GEN. ZORYA: This is not an order of Keitel. This document which was submitted as Exhibit Number USSR-381 is entitled “Instruction to the Economic Offices, ‘Section Labor,’ on the Organization of Labor Allocation in the East.”
THE PRESIDENT: I thought you said that was by Keitel.
GEN. ZORYA: The preceding document which was submitted to the Tribunal was actually one of Keitel’s orders, but now I wish to speak of this instruction. I beg Your Honors to pay attention to the date on which this instruction was issued, namely 26 January 1942. In this instruction, on Page 150 of the document book, it is stated that the hopes which the Reich Marshal had placed in the office for the allocation of labor must be justified at all costs:
“The task of the economic organizations and the office for the allocation of labor in the East consists in bridging, during the coming months, the gaps in the economy which arose owing to the departure into the army of men of younger conscription age due to the universal enlistment of Russian manpower.
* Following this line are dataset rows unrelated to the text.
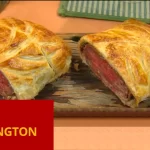 # Beef Wellington: Uma Delicada Obra-Prima Culinária ## Introdução O **Beef Wellington** é um dos pratos mais icônicos e refinados da gastronomia internacional. Com uma rica história e uma apresentação impressionante, essa receita consiste em um suculento filé mignon revestido com uma camada de patê, frequentemente patê de foie gras, e uma duxelles de cogumelos, tudo envolvido em uma massa folhada dourada e crocante. A combinação de sabores e texturas faz do Beef Wellington uma escolha popular para ocasiões especiais e celebrações. Neste artigo, exploraremos a história do Beef Wellington, discutiremos seus ingredientes principais e apresentaremos uma receita detalhada para você preparar esse clássico em sua própria cozinha. Além disso, abordaremos algumas dicas para garantir o sucesso do prato e variações que você pode experimentar. Ao final, incluiremos uma tabela nutricional e uma chamada para que você compartilhe essa deliciosa receita com seus amigos e familiares. ## História e Origem do Beef Wellington O **Beef Wellington** tem uma origem envolta em mistério e debate. Uma teoria popular sugere que o prato foi nomeado em homenagem ao Duque de Wellington, Arthur Wellesley, que derrotou Napoleão Bonaparte na Batalha de Waterloo em 1815. Outra versão propõe que o nome deriva de uma cidade na Nova Zelândia. Apesar dessas teorias, não há evidências concretas que provem sua origem. Independentemente de sua origem, o Beef Wellington ganhou fama mundial e se tornou um símbolo de sofisticação e culinária de alta qualidade. O prato é especialmente popular no Reino Unido e nos Estados Unidos, onde é frequentemente servido em restaurantes finos e em ocasiões especiais. ## Ingredientes Principais Os ingredientes de qualidade são fundamentais para o sucesso do **Beef Wellington**. Aqui estão os principais componentes necessários para preparar essa iguaria: ### Ingredientes - **Filé mignon**: 1 peça de aproximadamente 1 kg (de boa qualidade) - **Cogumelos**: 250g de cogumelos frescos (de boa qualidade), finamente picados - **Patê de foie gras** ou patê de fígado de galinha: 100g (opcional) - **Presunto de Parma**: 8 fatias finas - **Massa folhada**: 1 folha grande, descongelada se necessário - **Mostarda Dijon**: 2 colheres de sopa - **Gemas de ovo**: 1, batida para pincelar - **Azeite de oliva**: 2 colheres de sopa (pode ser óleo vegetal também) - **Cebola**: 1 pequena, bem picada - **Alho**: 2 dentes, bem picados - **Tomilho fresco**: 1 colher de chá - **Sal e pimenta**: A gosto ## Receita de Beef Wellington ### Preparação 1. **Preparação dos Ingredientes**: - Pré-aqueça o forno a 200°C. Tempere o filé mignon com sal e pimenta. Aqueça uma frigideira grande com azeite de oliva (ou óleo vegetal) e sele o filé por todos os lados, até dourar. Retire do fogo e pincele a carne com a mostarda Dijon. Deixe esfriar. 2. **Duxelles de Cogumelos**: - Na mesma frigideira, adicione um pouco mais de azeite e refogue a cebola e o alho (bem picados) até ficarem translúcidos. Adicione os cogumelos picados e o tomilho. Cozinhe em fogo médio até que a água dos cogumelos evapore completamente e a mistura esteja seca. Tempere com sal e pimenta. Deixe esfriar. 3. **Montagem**: - Sobre uma superfície plana, estenda um filme plástico. Coloque as fatias de presunto de Parma sobre o filme, formando uma camada. Espalhe a duxelles de cogumelos sobre o presunto. Coloque o filé mignon no centro e, com a ajuda do filme plástico, enrole tudo firmemente, formando um pacote. Leve à geladeira por 15 minutos para firmar. 4. **Envolvendo com Massa Folhada**: - Abra a massa folhada em uma superfície enfarinhada. Retire o pacote de carne da geladeira e desembrulhe. Coloque a carne sobre a massa folhada e enrole, selando as bordas com gemas de ovo batidas. Certifique-se de que a massa esteja bem fechada. Pincele toda a superfície com mais gema de ovo para obter uma cor dourada ao assar. 5. **Assamento**: - Coloque o Beef Wellington em uma assadeira e leve ao forno pré-aquecido. Asse por aproximadamente 25-30 minutos para um filé ao ponto, ou até que a massa folhada esteja dourada e crocante. Deixe descansar por 10 minutos antes de cortar. ### Rendimento Esta receita de **Beef Wellington** serve aproximadamente 6 pessoas. ### Tempo de Preparo - **Tempo de preparação:** 30 minutos - **Tempo de cozimento:** 30 minutos - **Tempo total:** 1 hora ## Dicas para o Sucesso do Beef Wellington 1. **Escolha do Filé**: Utilize um filé mignon de alta qualidade para garantir maciez e sabor. 2. **Selagem Perfeita**: Sele bem a carne para evitar que os sucos escorram durante o cozimento. 3. **Massa Folhada**: Certifique-se de que a massa folhada esteja bem fechada para evitar vazamentos de suco durante o cozimento. 4. **Tempo de Descanso**: Deixe o Beef Wellington descansar antes de cortar para que os sucos se redistribuam pela carne. ## Variações do Beef Wellington Embora a receita tradicional use filé mignon, existem várias variações para explorar: 1. **Beef Wellington de Salmão**: Substitui a carne por salmão, proporcionando uma opção mais leve. 2. **Vegetariano**: Use cogumelos Portobello ou outros vegetais como base, substituindo o filé mignon. 3. **Mini Beef Wellington**: Faça porções individuais usando pequenos pedaços de filé. ## Acompanhamentos para Beef Wellington O **Beef Wellington** é geralmente servido com acompanhamentos que complementam seu sabor rico e complexo. Algumas sugestões incluem: - **Purê de Batatas**: Cremoso e suave, combina perfeitamente com a carne. - **Legumes Salteados**: Como aspargos, cenouras ou vagens, para um toque de frescor. - **Molho de Vinho Tinto**: Um molho rico que adiciona profundidade ao prato. ## Tabela Nutricional | Nutriente | Quantidade por porção (aprox.) | |---------------------|--------------------------------| | Calorias | 600 | | Carboidratos | 35g | | Proteínas | 40g | | Gorduras | 35g | | Fibra Alimentar | 2g | | Açúcares | 3g | | Sódio | 700mg | | Cálcio | 4% do VD* | | Ferro | 25% do VD* | *VD: Valores Diários com base em uma dieta de 2.000 calorias. ## Conclusão O **Beef Wellington** é um prato que impressiona tanto pelo sabor quanto pela apresentação. Sua combinação de carne suculenta, cogumelos saborosos e massa folhada crocante o torna uma escolha clássica para celebrações e ocasiões especiais. Esperamos que esta receita e dicas tenham inspirado você a preparar essa iguaria em sua própria cozinha. --- ## Compartilhe essa receita Se você gostou dessa receita de **Beef Wellington**, compartilhe com seus amigos e familiares! Essa iguaria é perfeita para ser apreciada em momentos especiais e pode ser uma ótima adição ao seu repertório culinário. --- Beef Wellington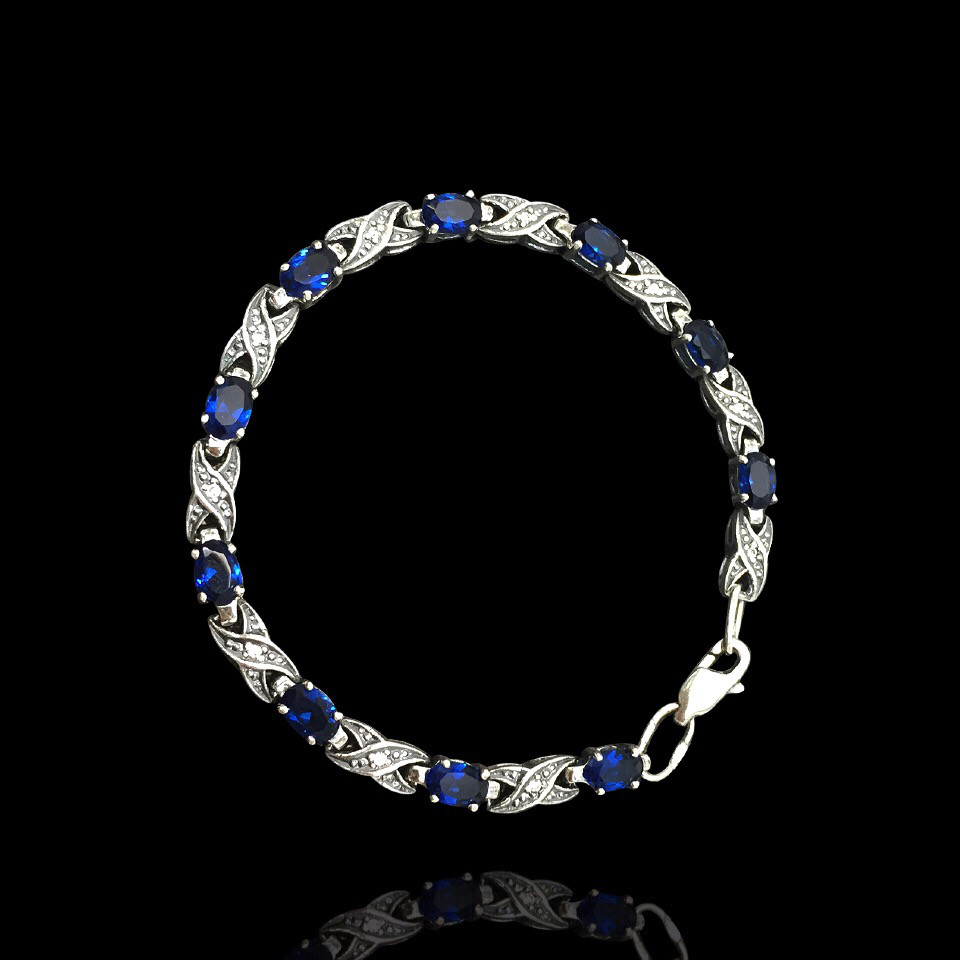 Срібний жіночий браслет з синіми фіанітами, 185мм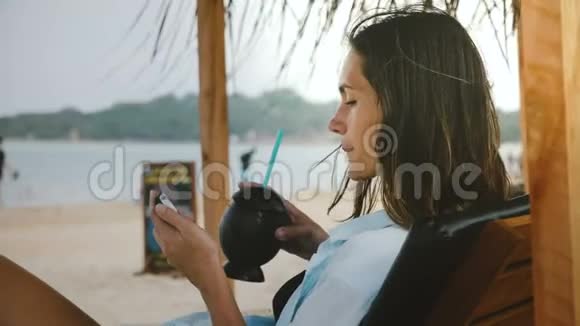 侧景拍摄的年轻放松的自由职业者妇女与异国情调的饮料观看视频智能手机在休闲海滩椅子视频的预览图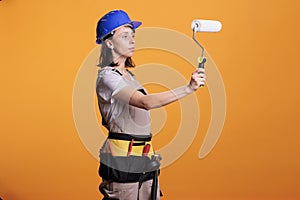 Woman renovator painting walls with roller brush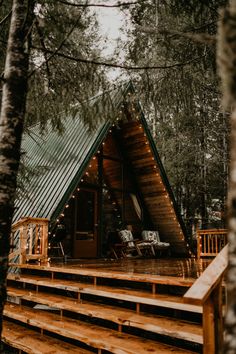 a small cabin in the woods with stairs leading up to it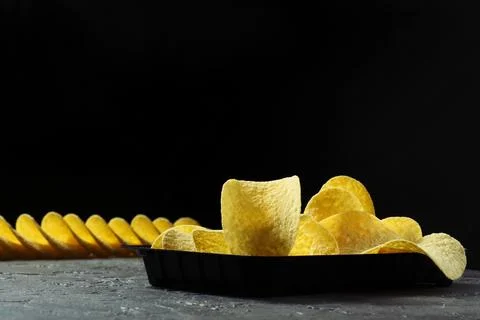 Crispy potato chips on a stone background Stock-Fotos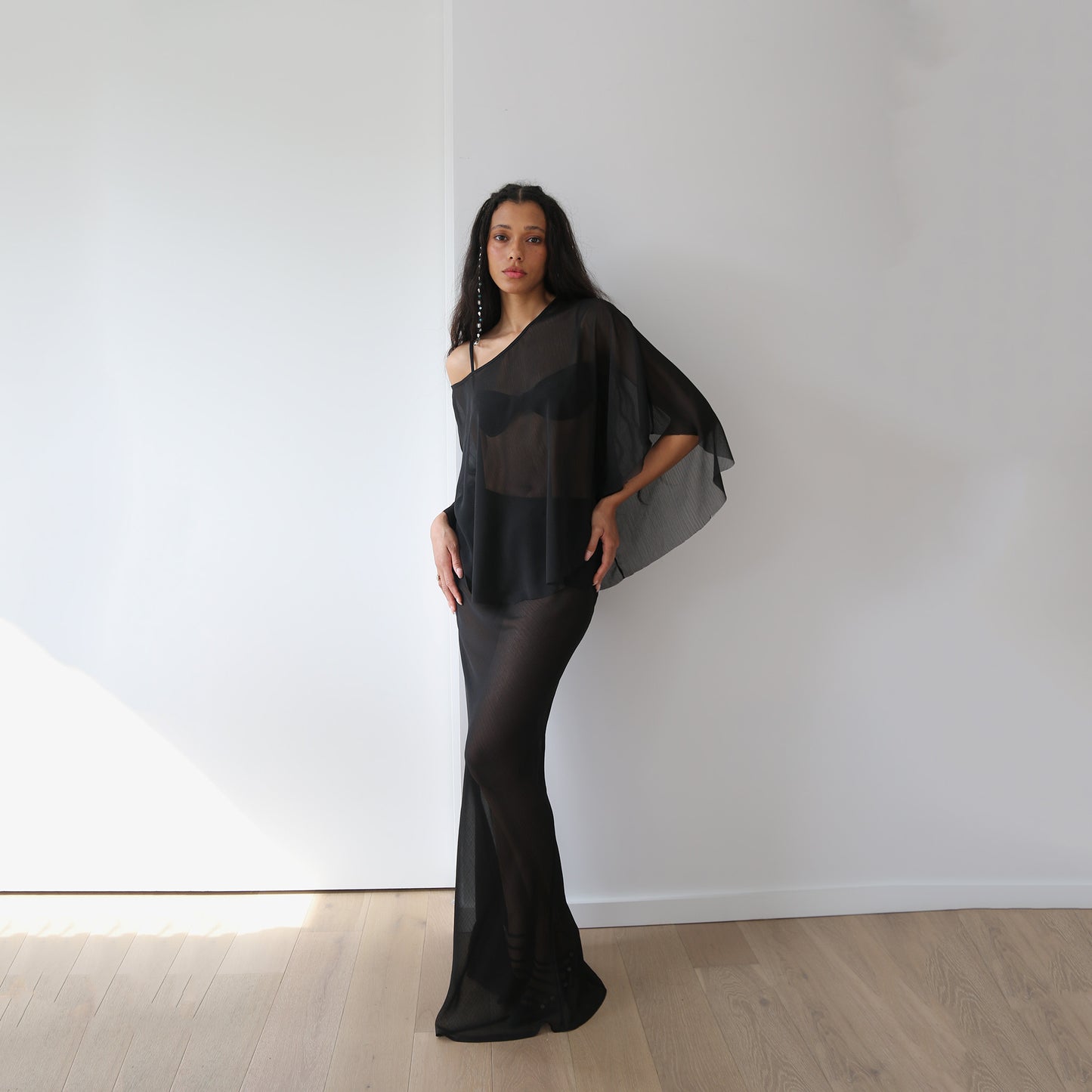 Woman wearing a black sheer set against a white wall.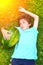 Boy with whole water melon lay on the green grass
This is of decisive importance for the war and must therefore be achieved. If the number of volunteers does not come up to expectations, then the enlistment measures already ordered should be reinforced by all available means.”
The United States Prosecution has submitted to the Tribunal a document of the Soviet Prosecution, Exhibit Number USSR-381 (Document Number USSR-381), entitled, “Memo on the Treatment of Foreign Civilian Workers in the Reich.”
I do not wish to quote this document again, but consider it necessary only to show. . .
DR. OTTO NELTE (Counsel for Defendant Keitel): The President has just now asked about the Document Number USSR-407 and the prosecutor has presented it here as a document of Keitel. I have only just now found this document. If it is a question of the same document that I have marked as USSR-407, then it is signed by a local commander and by a chief of the labor office.
Is this document the same as that presented to you as USSR-407?
THE PRESIDENT: I have already pointed out, have I not, that it was not by Keitel?